Fix $\epsilon>0$, define $F(z)=e^{\epsilon z^2}f(z)$ on $S$, then $|F(z)|\to 0$ as $z\to \infty$. By the maximum principle, $\sup_S|F(z)|$ must occur on the edge of $S$.

$|F(z)|\leq e^{\epsilon z^2}$ for $z\in S$

Let $\epsilon \to 0$, we get $|f(z)|\leq 1$ for $z\in S$.

For the general case, define $F(z)=f(z)M(0)^{z-1}M(1)^{-z}$, then $|F(z)|\leq 1$ on $\partial S$. And $F$ has growth rate no more than some $e^{C|z|^{2-\delta}}$, so apply the above result, we know that $\sup_S |F(z)|\leq 1$, which means $\sup_S |f(z)|\leq M(0)^{1-z}M(1)^{z}$.

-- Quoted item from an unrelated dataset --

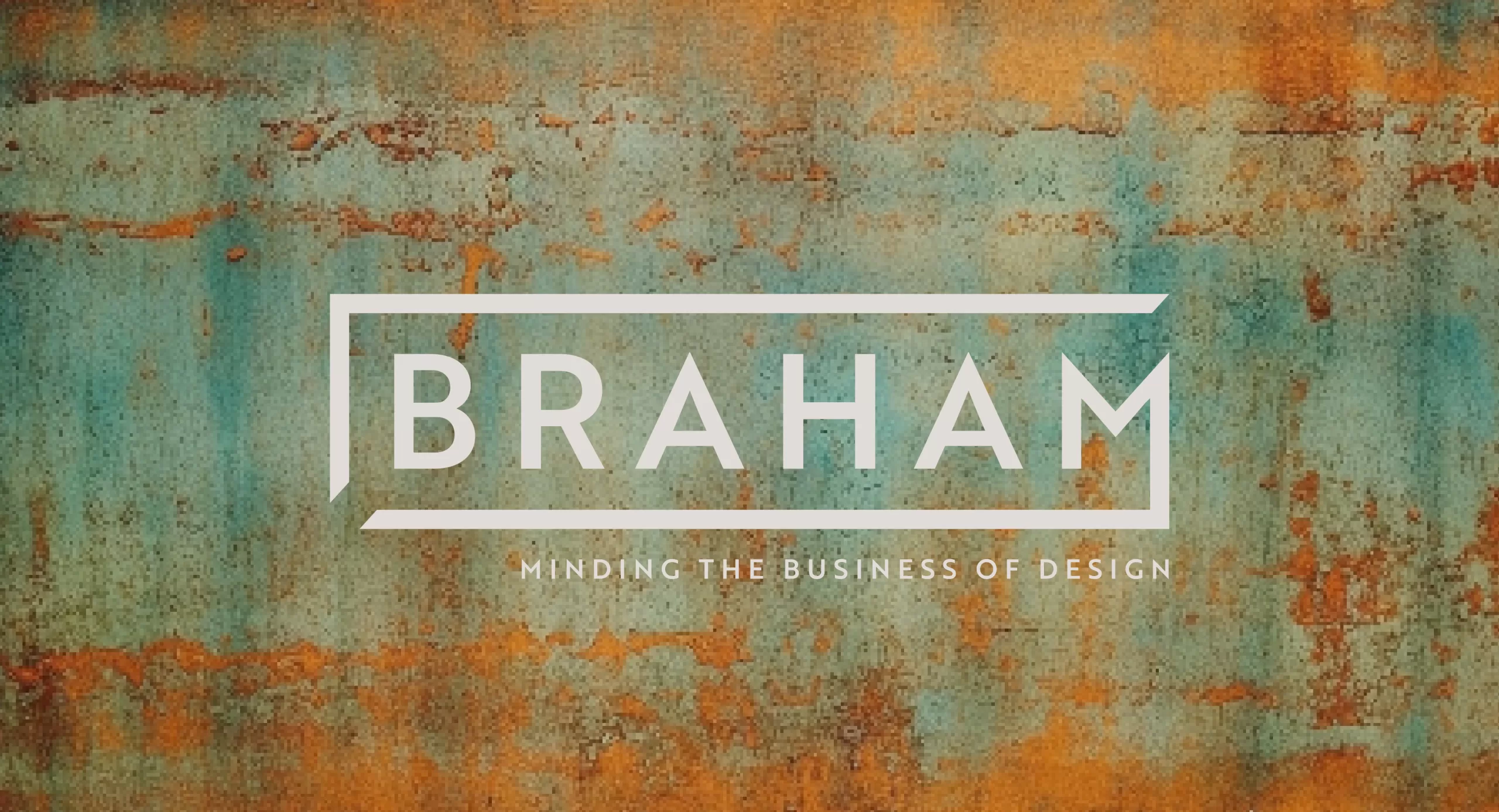 Braham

Let $z=t\in [0,1]$, we get the conclusion.

$\text{Q.E.D}\hfill \square$

$\mathbf{Remark:}$ $f$ can not grow too fast, otherwise this theorem fails.

Consider $\displaystyle f(z)=e^{e^{\pi(z-\frac 12)i}}$ on $S$. Easy to verify that $|f(z)|\leq 1$ on $\partial S$. But on $\Re(z)=\frac 12$, $f$ grows extremely fast.